А мне было худо. Ломило ноги, ломило поясницу. По утрам кровоточили десны, и я все боялся, что с розовой слюной выплюну зубы. Никогда прежде я не испытывал зубной боли, а тут — разболелись, расшатались, житья не давали. Пришлось идти к врачу. Два зуба мне удалили, потом еще один с другой стороны, но десны продолжали болеть, сочились кровью, если нажать пальцем, — это, знаете ли, была цинга.
Цингой в моем книжном представлении болели полярные путешественники, застревавшие во льдах. А тут — вот она. Во льдах, но не полярных. Не я один был цинготный, полкоманды у нас маялось, особенно Алеша Ахмедов. Он еле волочил ноги, а тут еще Саломыков сыграл с ним злую шутку.

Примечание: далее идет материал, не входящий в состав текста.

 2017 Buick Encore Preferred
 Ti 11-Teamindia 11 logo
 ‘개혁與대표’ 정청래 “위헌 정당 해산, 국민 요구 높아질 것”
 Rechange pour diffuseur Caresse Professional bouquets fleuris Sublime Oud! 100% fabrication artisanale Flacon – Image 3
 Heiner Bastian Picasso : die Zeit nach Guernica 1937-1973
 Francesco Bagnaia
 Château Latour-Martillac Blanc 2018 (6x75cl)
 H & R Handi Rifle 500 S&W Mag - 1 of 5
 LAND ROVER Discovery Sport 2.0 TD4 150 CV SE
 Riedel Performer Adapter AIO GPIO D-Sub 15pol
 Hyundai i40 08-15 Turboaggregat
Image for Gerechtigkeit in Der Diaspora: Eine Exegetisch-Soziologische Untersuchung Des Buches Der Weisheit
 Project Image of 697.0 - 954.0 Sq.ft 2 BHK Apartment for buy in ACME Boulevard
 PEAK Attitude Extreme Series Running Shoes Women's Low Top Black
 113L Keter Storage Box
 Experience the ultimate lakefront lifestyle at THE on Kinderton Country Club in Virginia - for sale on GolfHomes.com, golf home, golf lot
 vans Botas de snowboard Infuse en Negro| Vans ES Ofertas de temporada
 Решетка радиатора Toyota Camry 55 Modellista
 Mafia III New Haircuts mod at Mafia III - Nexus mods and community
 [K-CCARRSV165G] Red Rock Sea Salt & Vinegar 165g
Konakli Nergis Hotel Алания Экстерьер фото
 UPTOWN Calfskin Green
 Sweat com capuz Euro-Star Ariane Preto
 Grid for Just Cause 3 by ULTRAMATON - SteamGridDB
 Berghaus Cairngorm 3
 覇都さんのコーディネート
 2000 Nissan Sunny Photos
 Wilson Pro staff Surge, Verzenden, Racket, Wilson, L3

Нам стали выдавать витамин С. Это был красный порошок, будто толченый кирпич, каждому полагался на завтрак пакетик с горсточкой витамина, такая, знаете, облатка, в какие обычно заворачивают порошки аспирина и прочих лекарств. Разворачивай и высыпай на язык, вкус сладко-кисловатый, довольно приятный. Я очень верил в витамин С. Что-то в нем было научное, черт побери, а в науку я верил. Ни во что я так не верил, как в науку.